DW: So it's creative and supportive in a few ways, would you say? It's less drama.
CR: Yes, though the famous stories are when people are locked in their motorhomes and at war with each other. I think the great films, we hope, are when people come together and work together to create a single artistic vision. We would love it if the drama is on the screen and not behind the camera.
DW: True, let's hope. David Mamet said we don't have to like characters, we only must understand the logic behind their actions. Would you agree? Character actions seem to run deep, as in, much leads up to them, from picking up a pen to running after a car.
CR: I would much rather agree with Mamet than disagree with him. With characters I don't particularly like, I at least understand them, understand why they do what they do. I need to relate to them and recognize their humanity and understand the emotional logic to their behavior. You saw character motivations run deep. Often we don't know why we do what we do though we make up reasons for what we've already done. As writers, directors, actors, we have to dig down to the roots of character behavior and character choices, and that's the idea our book comes from.
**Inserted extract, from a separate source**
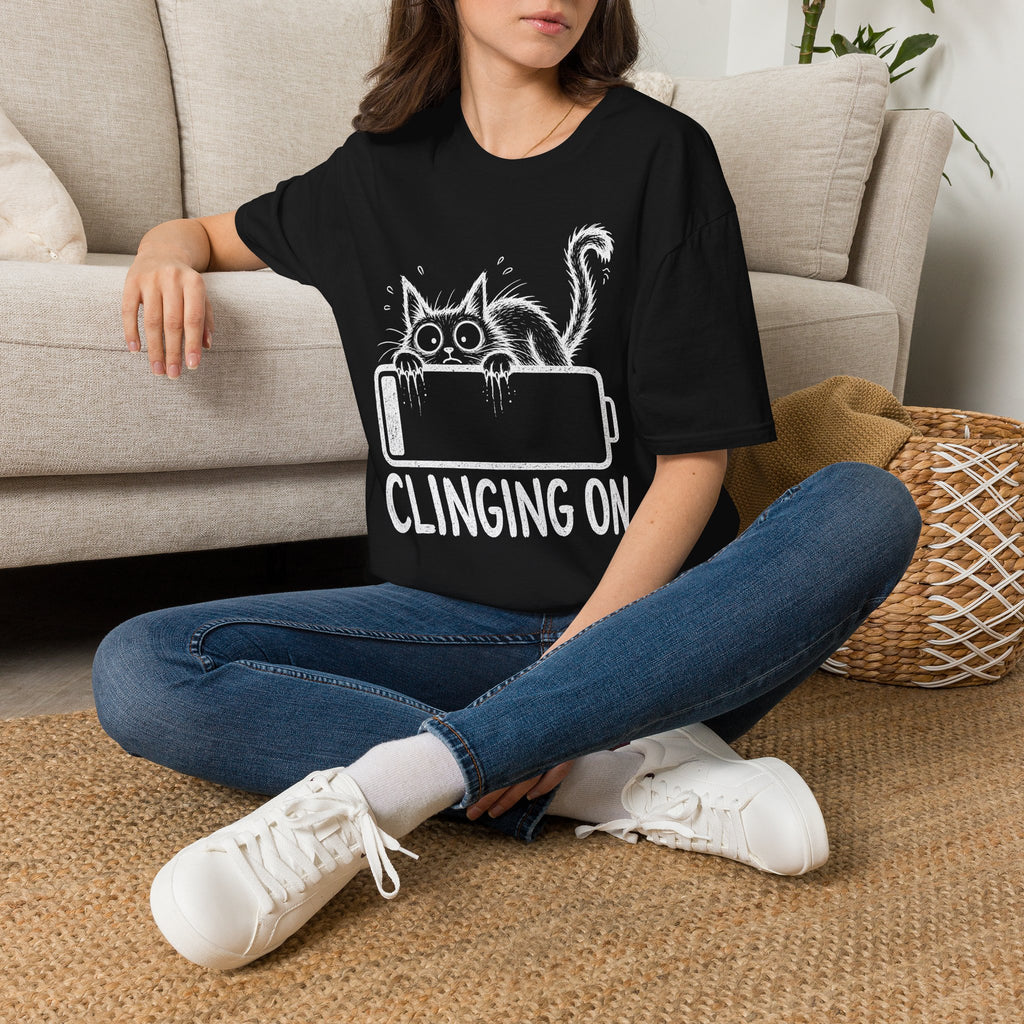 Clinging On T-SHIRT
Kathy and I had a mentor early on named Coleman Loch. He was mentoring us while we were writing a feature film script. He was a co-executive producer on the television series The Equalizer. Really good writer, storyteller. He had this theory that each one of us is profoundly shaped by a surprisingly small number of experiences or moments; our lives are made up of an infinite number of small moments. If we can locate that handful small moments that have shaped our characters, that would be the most important information we could have in understanding them. so often we think of a character who is broken or flawed in some way, The Defining Moment asks, how did they get that way? Whaty happened to them?
If we could understand that moment, we could think of Marlin in Finding Nemo. In the opening, a barracuda comes along and devours Marlin's family. All that's left is that one egg that hatches into little Nemo. Because we witness that moment, we understand why Marlin is an overprotective dad. We feel it, we don't just think, "Oh, what a neurotic little fish. That's quirky and interesting." We say, "Oh now, we know what happened to this guy," and we feel with him. We don't make the calculation of if we like or don't like him, we identify with him. When his only surviving member is snatched up, we don't need any explanation of why Marlin would do anything to rescue his son, we know the defining moment of that character.
DW: Yes, and it's a very brief opening to that film, the devouring happens in the first two or three minutes, and Nemo is taken in the first ten. You and I remember it and Finding Nemo came out nineteen years ago this June.
CR: I have come to believe things like that (laughs) as I've gotten older but it still surprises me.
DW: That to me is the power of film. You can I can still readily recall the sequence of scenes vividly well over a decade later. With defining moments on film, you discuss characteristics of them. What were some of the original ones that jumped out and inspired you when you and Kathy sat down to write this book?
CR: When we think about defining moments, I do think that moment from Finding Nemo jumped out at us. Another one we talked about at length was from the first Godfather film. When Michael Corleone, the good son, the law-abiding son, the hero son who's just come home from World War II, who's never been involved in the family crime business, his father's been gunned down by a rival crime boss, and Michael decides he has to take up a gun in his own hand and kill the crime boss and the police captain who protects this crime boss. He's told that's never been done. Michael does that to avenge his father, to protect his family. The entire movie pivots on that moment. It defines him, sets him on that course to become the next godfather.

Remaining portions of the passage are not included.